Canada is following in Australia’s footsteps in considering legislation requiring social media platforms to pay Canadian media for use of their content.
The Parliament has before it a government bill, the “Online News Act” (Bill C-18), that would mandate negotiations on the fees companies like Facebook and Google must pay Canada’s national and local media for use of or linking to their content. This bill is in the same vein as Australia’s “Treasury Laws Amendment (News Media and Digital Platforms Mandatory Bargaining Code) Bill 2021” which “establishes a mandatory code of conduct to help support the sustainability of the Australian news media sector by addressing bargaining power imbalances between digital platforms and Australian news businesses” per the first explanatory memorandum on the bill. C-18 would herd social media platforms toward good faith negotiations with traditional Canadian media (but not specialty or industry outlets) upon pain of a government-run, binding arbitration system to set compensation. Ottawa would have a number of means to force multinational social media companies to strike deals with news-oriented media, and these companies do not like the bill just as they disliked Australia’s bill.

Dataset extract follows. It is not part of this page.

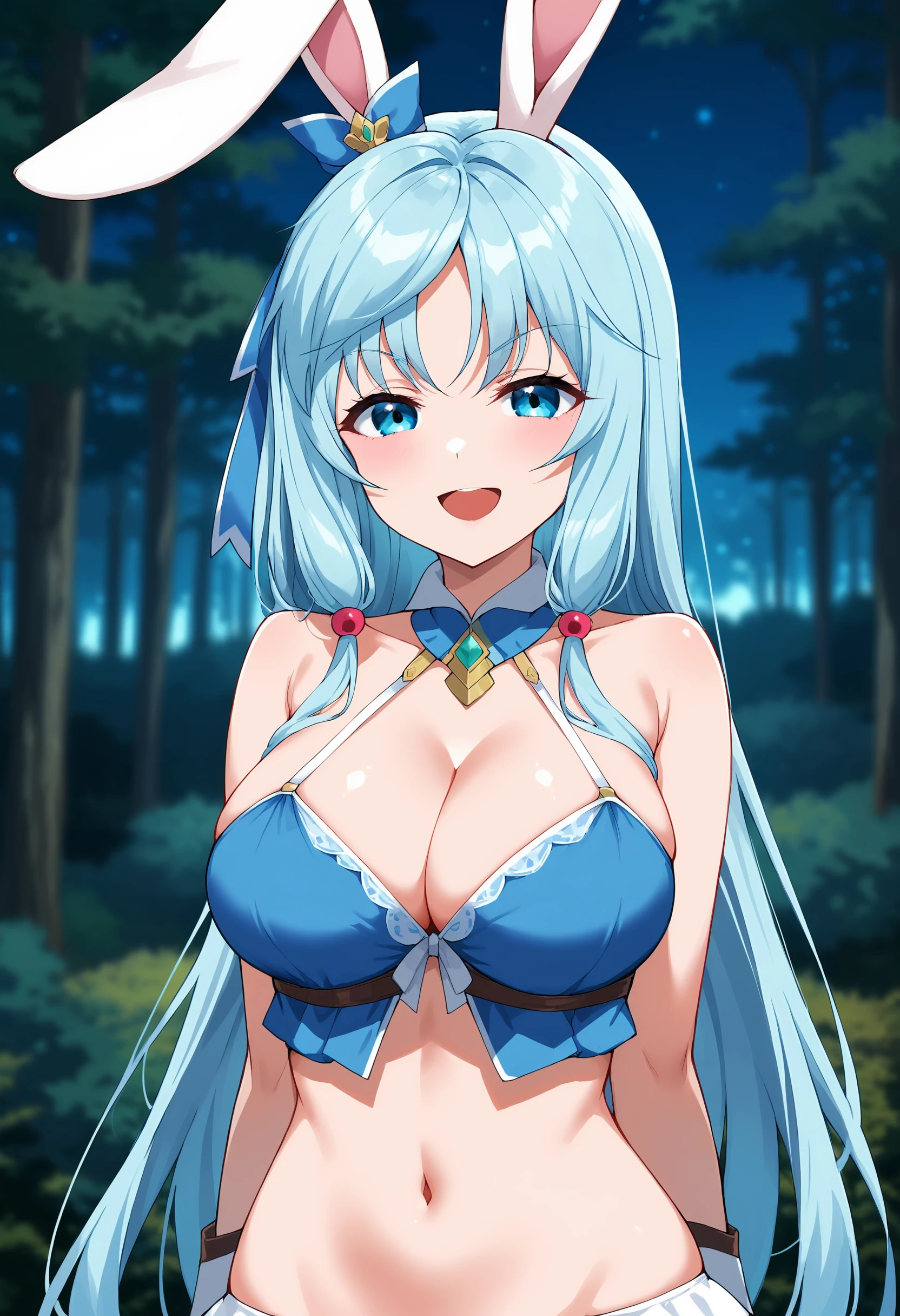 EBShea, 1girl, solo, long hair, blue eyes, hair ornament,medium breasts, blue hair, rabbit ears, light blue hair, large breasts, animal ears, cleavage, bare shoulders, very long hair, midriff, standing, smile, open mouth, smug, :3, outdoors, forest, night sky, absurdres, beautiful detailed background, depth of field, blurry background, upper body, thick thighs, close-up, 
 <lora:xl_more_art-full_v1:0.9>, <lora:SheaHaulia-10:0.9>,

The “Online News Act” (Bill C-18) purports “to regulate digital news intermediaries with a view to enhancing fairness in the Canadian digital news marketplace and contributing to its sustainability, including the sustainability of independent local news businesses.” The essence of C-18 is that social media giants must pay traditional Canadian media companies for the use or their content.
What is left unsaid is the reason why media in Canada need help. Throughout the late 20th Century and early 21st Century, traditional media (i.e. newspapers and television) in the United States (U.S.) and elsewhere thrived on advertising revenue until the internet took off. Google and Facebook eventually achieved dominance and reaped the lion’s share of online advertising revenue. One analysis showed revenue for media in the U.S. hitting a high of $49.435 billion in 2005 and falling to $12.864 billion in 2019. And, as advertising revenue has dried up, media companies have been laying off staff and cutting coverage. It has long been a touchstone that democracies depend on a free, active, and vigorous media to hold power to account, but if media that engages in investigation is receding, democracy might be at stake. Hence, legislation of this sort in a number of western democracies.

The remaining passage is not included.